Os 109 anos que o Bondinho Pão de Açúcar completou na semana passada estão sendo celebrados com a retomada do fluxo de visitantes após mais de um ano de turbulência da pandemia, que abalou o setor de turismo.

O faturamento da empresa caiu cerca de 70%, mas desde julho o cartão postal vem registrando recuperação. Já começa a ser sentida a presença de visitantes de estados como São Paulo, Minas Gerais e Goiás. Segundo Sandro Fernandes, presidente da companhia, a volta dos estrangeiros ainda é embrionária. Se em tempos pré-pandemia os turistas internacionais representavam 35% da demanda, ante 65% dos brasileiros, no cenário atual, o estrangeiro equivale a 2% da visitação.

No mês passado, um decreto municipal passou a exigir comprovante de vacinação contra a Covid, medida que tem funcionado, segundo Fernandes. "Apoiamos muito essa decisão porque reforça a preocupação com segurança sanitária. Entendemos que foi uma decisão acertada", diz.

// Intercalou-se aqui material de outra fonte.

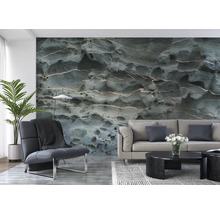 Wohnzimmer mit einem Sofa, einem Sessel und einer Fototapete mit Steinmuster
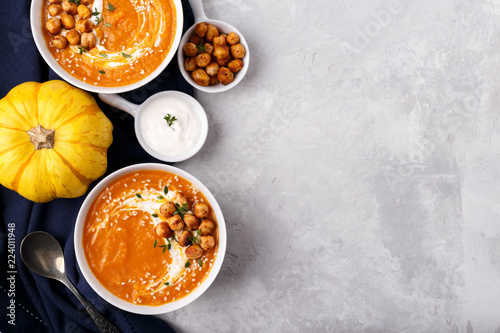 Carrot pumpkin soup with spicy chickpeas and sesame seeds on gray stone background copy space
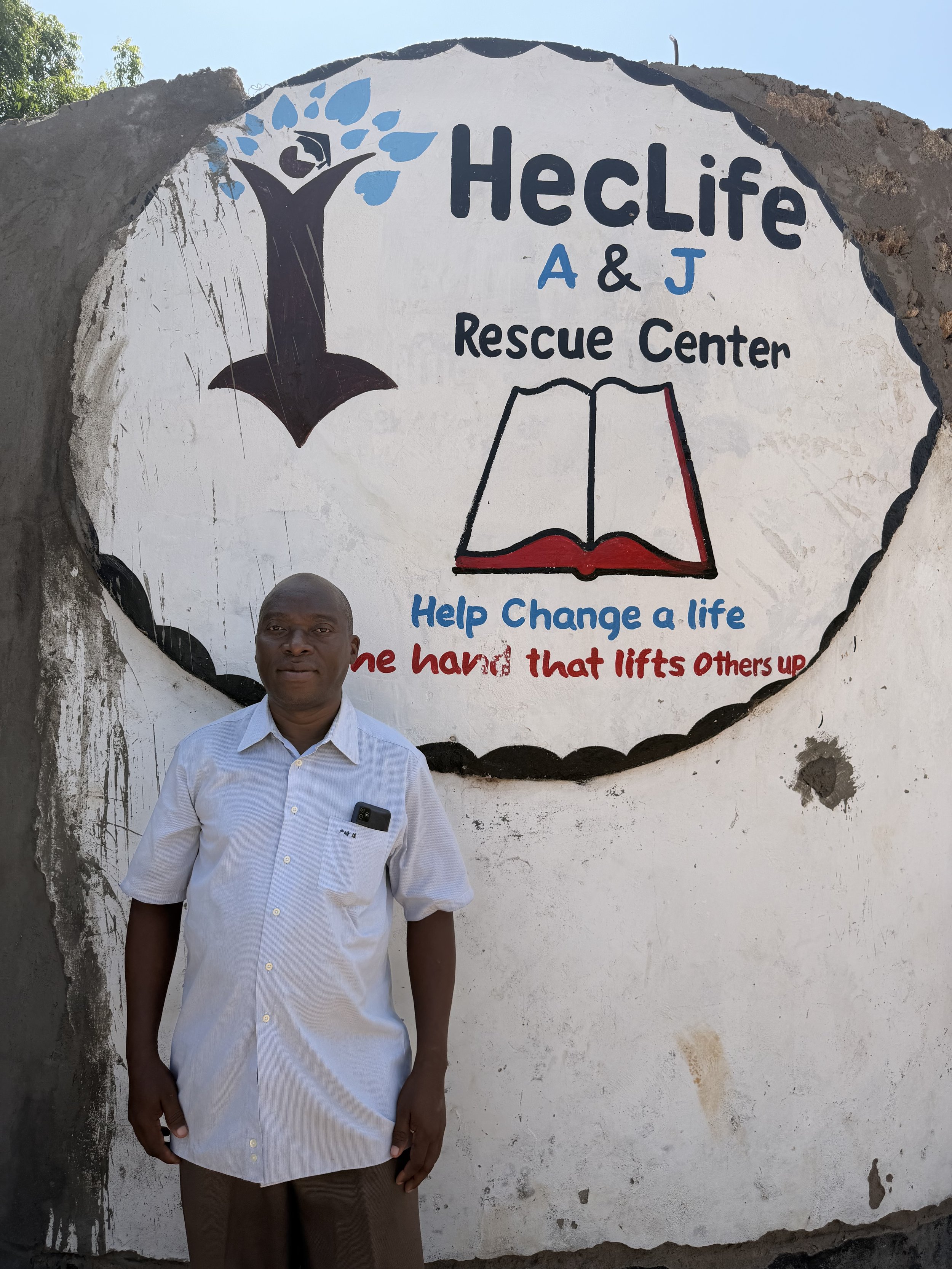 A man standing in front of a sign for Heclife A & J Rescue Center, which features a tree, an open book, and the slogan 'Help Change a life one hand that lifts others up.'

Sandro Fernandes, presidente do Bondinho Pão de Açúcar - Dirceu Neto/Folhapress

Como foi o começo dessa empresa? Em 1909, um engenheiro, cafeicultor, Augusto Ferreira Ramos, olhou para essas duas pedras e teve a visão de colocar cabos para ligá-las e dar às pessoas a oportunidade de subirem em uma das rochas mais lindas do mundo para observar a cidade. Isso colocou o Rio e o Brasil como um dos cartões postais do mundo. Foi impactante para a época. E não tinha os equipamentos aqui. Tudo foi fabricado fora do país.

Para conseguir isso, ele vendeu cotas do Bondinho Pão de Açúcar para angariar fundos, ir na Alemanha, mandar fabricar, importar as peças, trazer 300 pessoas que o ajudaram na construção dos cabos. Teve que importar cimento. As polias eram tão grandes para entrar no porão do navio que foram cortadas ao meio e aparafusadas aqui. Temos aqui ainda guardadas no nosso acervo as polias originais.

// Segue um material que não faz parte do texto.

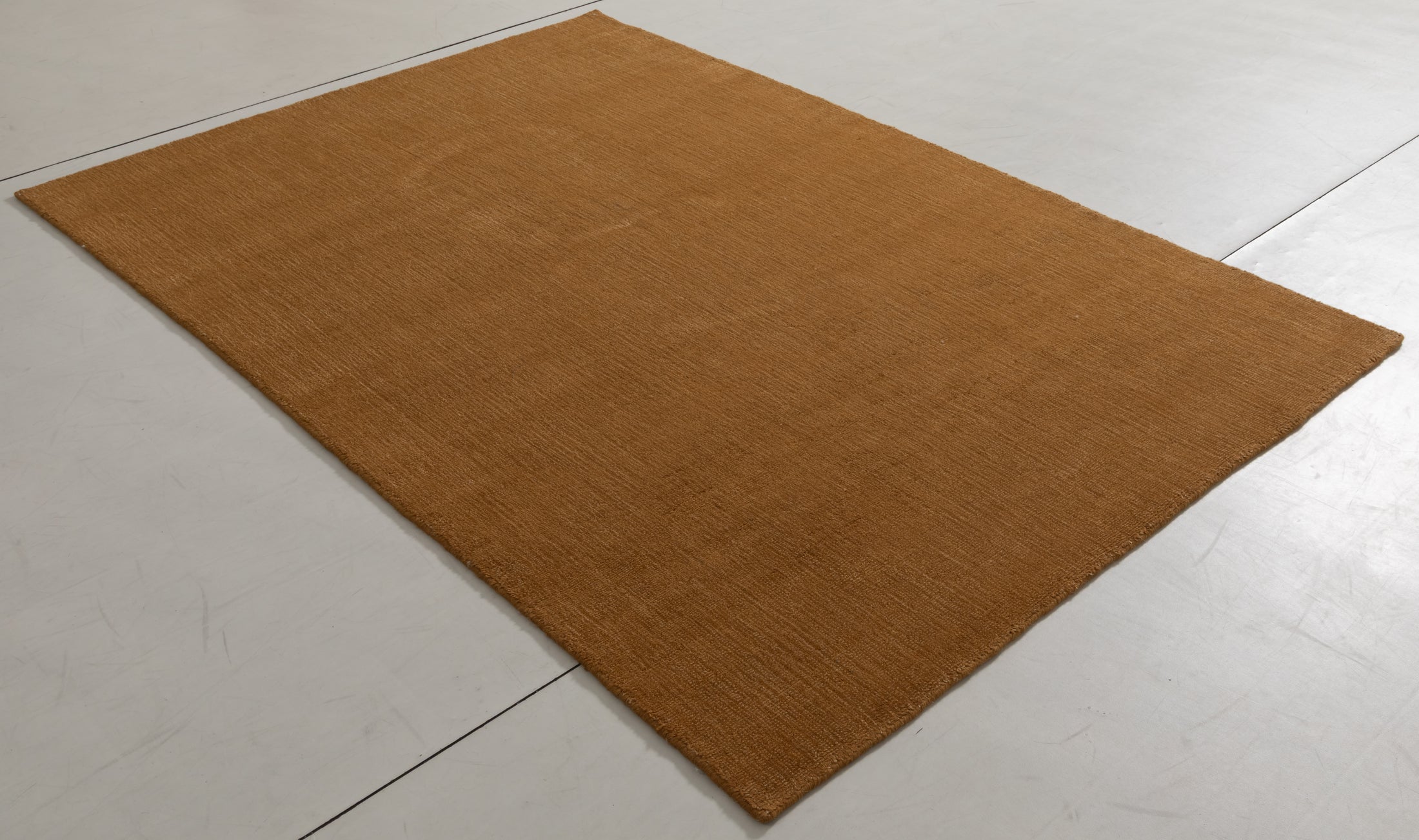 Silhouette Cairn Area Rug in a finished interior.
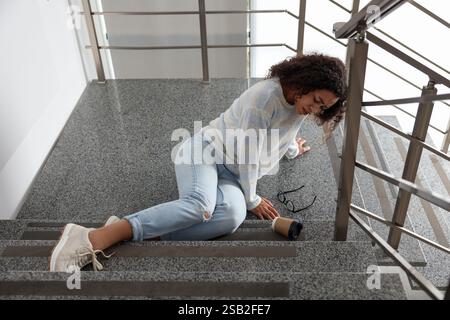 Donna ferita sulle scale dell'edificio dopo l'autunno. Incidente pericoloso Foto Stock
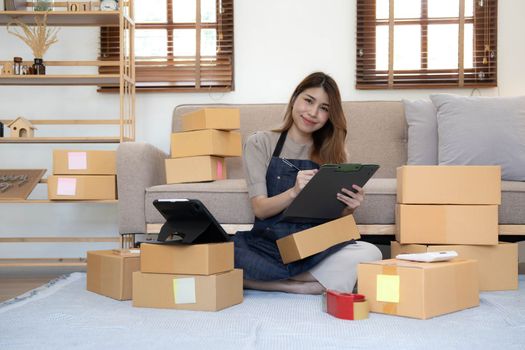 Portrait of Starting small businesses SME owners female entrepreneurs working on receipt box and check online orders to prepare to pack the boxes, sell to customers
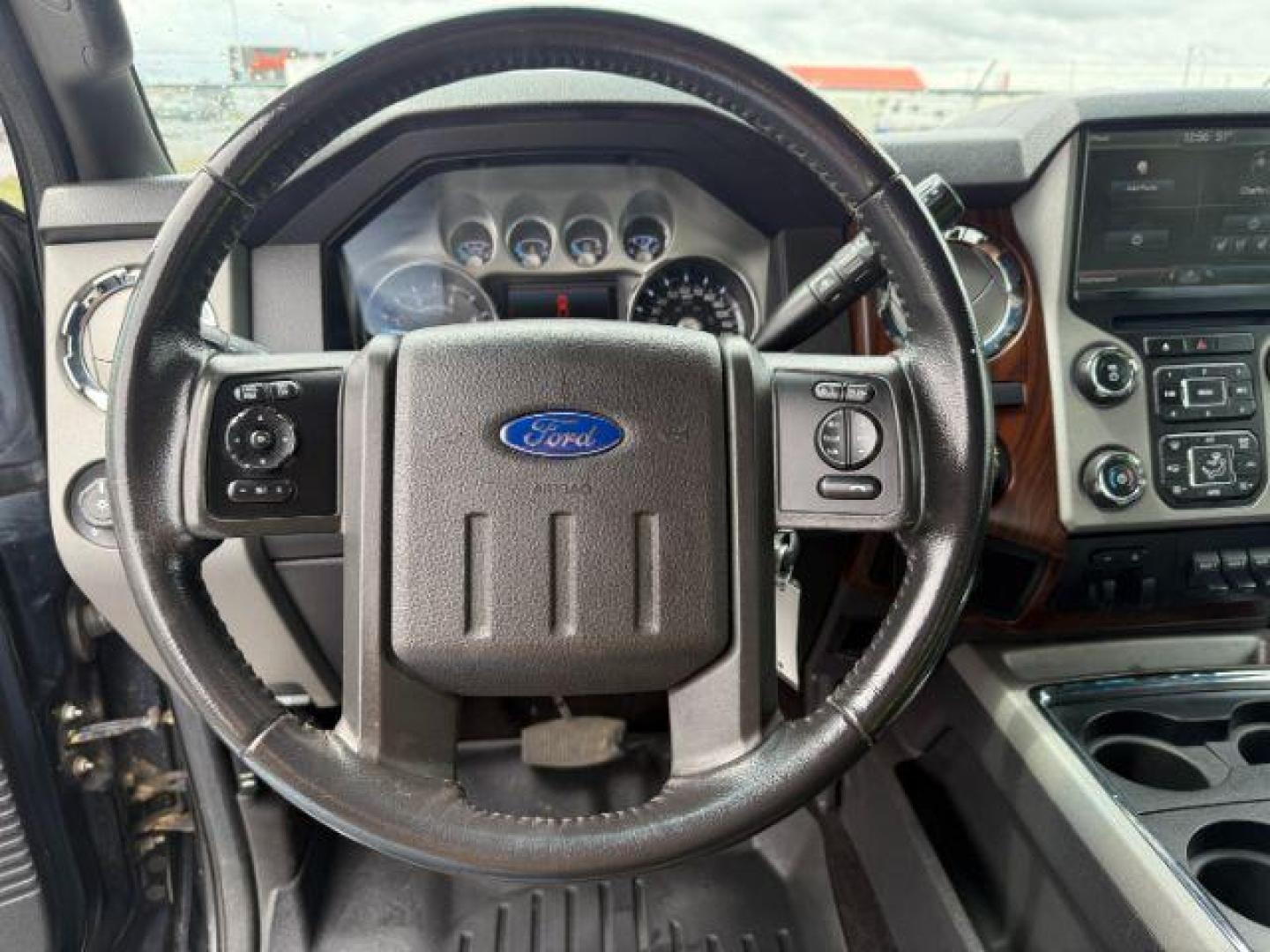 2014 Tuxedo Black Metallic /Black Ford F-350 LARIAT (1FT8W3BT7EE) with an Powerstroke 6.7L V-8 diesel direct injection engine, AUTOMATIC transmission, located at 1235 N Woodruff Ave., Idaho Falls, 83401, (208) 523-1053, 43.507172, -112.000488 - At Timberline Auto, finding a great deal on your next vehicle is always easy! Our experienced sales staff's goal is to help find you the right vehicle at the right price! Our knowledgeable finance department has options for almost any credit score. We offer extended service contract options to prote - Photo#12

Na década de 1960, havia aqui um tipo de capim muito ruim, e a fauna e a flora começaram a ser recuperadas por Cristóvão Leite de Castro [engenheiro que ingressou na companhia como diretor técnico em 1930, assumiu a direção em 1962 e trocou os antigos bondinhos de madeira por novas cabines em 1972].

Como os bondes foram modernizados ao longo do tempo? Estamos atualmente na terceira geração de bondinhos. É até preciso explicar por que se chama bondinho. A primeira cabine, quando começou a operação, em 1912, se assemelhava ao bonde de Santa Teresa, que era maior. Então foi apelidado carinhosamente de bondinho. E o brasileiro usa a palavra como sinônimo de teleférico. Essa primeira cabine funcionou de 1912 a 1972. Aí veio a segunda geração de cabine, com o formato de um diamante.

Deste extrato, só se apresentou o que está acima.